The effects of cold hardiness on the dynamics of apple and grape physiology is relatively unknown, which is what Londo’s lab is further investigating. However, they know that the only similarity between apples and grapes are that they are both perennials, meaning they are adapted to annual cold periods and changes in light. 

The general pattern of cold hardiness in plants forms a U-shape curve, exhibiting weak defense mechanisms in the beginning of winter, evening out during the lower temperatures of the winter months and then losing the defense mechanism during bud break as a result of warmer spring weather. 

Londo and his team measured points on the curve throughout the months to track the progress of cold hardiness before, during and after winter for both grapes and apples. 

“The depth of that ‘U’ is shallower…we have less defenses this year and that’s because it’s not been as cold as it has been in the past,” Londo said. 

He goes on to note that it is not the mild winters itself that are weakening the crops’ winter hardiness, but rather the fluctuation in weather patterns. 

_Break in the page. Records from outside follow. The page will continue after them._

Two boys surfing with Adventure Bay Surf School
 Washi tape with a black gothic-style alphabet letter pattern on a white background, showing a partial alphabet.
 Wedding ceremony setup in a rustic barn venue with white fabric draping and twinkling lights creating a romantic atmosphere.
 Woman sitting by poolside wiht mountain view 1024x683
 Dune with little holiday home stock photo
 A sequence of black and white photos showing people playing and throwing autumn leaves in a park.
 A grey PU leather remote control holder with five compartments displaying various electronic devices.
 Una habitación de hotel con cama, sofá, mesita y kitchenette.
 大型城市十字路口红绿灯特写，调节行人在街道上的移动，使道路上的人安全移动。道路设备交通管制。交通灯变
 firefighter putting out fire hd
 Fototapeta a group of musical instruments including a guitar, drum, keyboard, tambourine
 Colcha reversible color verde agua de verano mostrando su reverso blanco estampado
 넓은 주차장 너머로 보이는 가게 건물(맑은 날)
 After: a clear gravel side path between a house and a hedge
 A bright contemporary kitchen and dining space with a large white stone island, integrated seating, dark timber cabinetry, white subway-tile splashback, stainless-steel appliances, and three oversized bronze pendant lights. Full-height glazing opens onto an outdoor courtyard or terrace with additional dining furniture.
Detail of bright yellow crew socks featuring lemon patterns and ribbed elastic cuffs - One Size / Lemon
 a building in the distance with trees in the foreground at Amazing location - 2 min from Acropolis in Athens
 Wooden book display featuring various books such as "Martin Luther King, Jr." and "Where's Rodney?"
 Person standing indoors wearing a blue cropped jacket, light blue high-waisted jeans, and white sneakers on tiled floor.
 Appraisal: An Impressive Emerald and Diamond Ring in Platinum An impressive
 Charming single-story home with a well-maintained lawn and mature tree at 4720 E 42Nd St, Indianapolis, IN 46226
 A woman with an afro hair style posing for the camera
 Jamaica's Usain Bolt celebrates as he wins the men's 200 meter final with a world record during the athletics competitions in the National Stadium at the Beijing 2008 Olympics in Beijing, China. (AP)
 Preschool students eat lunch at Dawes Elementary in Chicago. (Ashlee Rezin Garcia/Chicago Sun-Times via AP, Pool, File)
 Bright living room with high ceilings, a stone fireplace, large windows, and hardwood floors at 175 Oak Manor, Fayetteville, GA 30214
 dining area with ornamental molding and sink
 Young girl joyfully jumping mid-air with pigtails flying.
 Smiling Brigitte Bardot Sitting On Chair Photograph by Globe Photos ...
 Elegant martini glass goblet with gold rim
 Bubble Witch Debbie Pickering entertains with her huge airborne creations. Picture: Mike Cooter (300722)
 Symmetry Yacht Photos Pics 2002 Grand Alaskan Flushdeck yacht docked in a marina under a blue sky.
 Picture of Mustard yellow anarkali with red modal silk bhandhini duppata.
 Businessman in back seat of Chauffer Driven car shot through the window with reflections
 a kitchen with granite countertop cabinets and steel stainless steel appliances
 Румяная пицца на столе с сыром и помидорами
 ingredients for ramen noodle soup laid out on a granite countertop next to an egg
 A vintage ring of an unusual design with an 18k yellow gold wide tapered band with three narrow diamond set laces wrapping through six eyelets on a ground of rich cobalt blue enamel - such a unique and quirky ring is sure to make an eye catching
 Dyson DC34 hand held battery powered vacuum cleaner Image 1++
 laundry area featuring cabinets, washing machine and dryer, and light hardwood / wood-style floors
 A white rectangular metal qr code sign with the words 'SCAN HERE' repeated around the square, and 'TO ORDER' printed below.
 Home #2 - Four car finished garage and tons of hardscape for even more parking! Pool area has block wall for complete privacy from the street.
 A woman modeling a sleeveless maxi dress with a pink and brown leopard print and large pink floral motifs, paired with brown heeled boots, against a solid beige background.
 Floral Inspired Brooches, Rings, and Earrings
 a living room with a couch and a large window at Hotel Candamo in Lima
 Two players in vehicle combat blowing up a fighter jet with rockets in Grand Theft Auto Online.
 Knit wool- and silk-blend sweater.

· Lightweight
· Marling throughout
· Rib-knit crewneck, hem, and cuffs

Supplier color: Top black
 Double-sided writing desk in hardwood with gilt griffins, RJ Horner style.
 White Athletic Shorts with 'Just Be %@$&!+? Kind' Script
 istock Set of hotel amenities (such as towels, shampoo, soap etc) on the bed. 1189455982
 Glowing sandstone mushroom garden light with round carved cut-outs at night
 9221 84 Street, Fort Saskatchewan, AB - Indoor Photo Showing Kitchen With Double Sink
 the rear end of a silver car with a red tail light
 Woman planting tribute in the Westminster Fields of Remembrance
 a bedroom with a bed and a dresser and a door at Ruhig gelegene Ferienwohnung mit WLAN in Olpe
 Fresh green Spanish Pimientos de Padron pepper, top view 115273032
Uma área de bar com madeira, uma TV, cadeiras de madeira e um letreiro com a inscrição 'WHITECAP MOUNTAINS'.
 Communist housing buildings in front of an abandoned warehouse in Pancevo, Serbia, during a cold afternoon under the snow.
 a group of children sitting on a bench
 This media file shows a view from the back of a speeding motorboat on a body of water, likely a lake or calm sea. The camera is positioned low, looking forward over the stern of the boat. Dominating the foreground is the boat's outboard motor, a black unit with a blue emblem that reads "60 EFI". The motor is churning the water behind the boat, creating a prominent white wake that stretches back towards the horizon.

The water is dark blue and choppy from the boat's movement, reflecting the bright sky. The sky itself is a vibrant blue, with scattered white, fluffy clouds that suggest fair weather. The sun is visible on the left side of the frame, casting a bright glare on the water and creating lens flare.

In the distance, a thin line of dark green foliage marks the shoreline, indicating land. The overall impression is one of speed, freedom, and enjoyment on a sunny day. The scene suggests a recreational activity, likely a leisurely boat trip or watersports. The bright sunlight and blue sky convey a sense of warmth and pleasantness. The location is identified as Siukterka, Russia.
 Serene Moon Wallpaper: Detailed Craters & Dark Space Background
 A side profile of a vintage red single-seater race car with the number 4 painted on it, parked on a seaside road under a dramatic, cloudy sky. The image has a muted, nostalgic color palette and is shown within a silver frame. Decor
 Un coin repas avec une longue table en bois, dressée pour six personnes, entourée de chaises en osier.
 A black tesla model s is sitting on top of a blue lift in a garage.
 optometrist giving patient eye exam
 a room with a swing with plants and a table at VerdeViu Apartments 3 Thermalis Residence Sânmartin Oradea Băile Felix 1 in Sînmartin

“The issue comes with the erratic nature of climate change. We’re getting more mild so our curves are shallower, but we also have punctuated cold because we’re in New York,” Londo said. 

Londo pointed out that Ithaca experiences polar cold because of its northern latitude location that causes the polar cold to hit this region more frequently.

“Those sharp cold events are what we’re worried about because if you don’t defend yourself well, you take damage,” Londo said. “If you take damage in both of these systems, in both of these buds, you have reduced yields because you kill the flowers before they have a chance to be opened and be pollinated.”

The effects of winter hardiness differ based on the variety of apples and grapes. For example, some varieties exhibit much more cold hardiness — a deeper ‘U’ — and reach bud break much faster. Londo notes that these types of cultivars are at higher risk of frost damage because they respond to warm temperatures much earlier in the season and lose the defense mechanism at bud break. 

The physiological differences among cultivars signify the importance of crop diversity because it ensures that erratic weather conditions will not eliminate all crop varieties, but rather a select few.  

Studying different crop varieties has given Londo a better understanding about plant physiology in order to prepare for future weather occurrences.  

“[Crops] are used to only responding to heat because it means spring, but when we have a really warm winter, they respond to heat thinking spring is earlier,” Londo said. “So if we understood that signaling and we could manipulate it, then we could keep them down and dormant and protected when we have years like this.”

With erratic weather patterns throughout the month of April and a relatively mild winter, Londo emphasized that building resiliency into the framework of crop production is key in fostering sustainability for both farmers and consumers.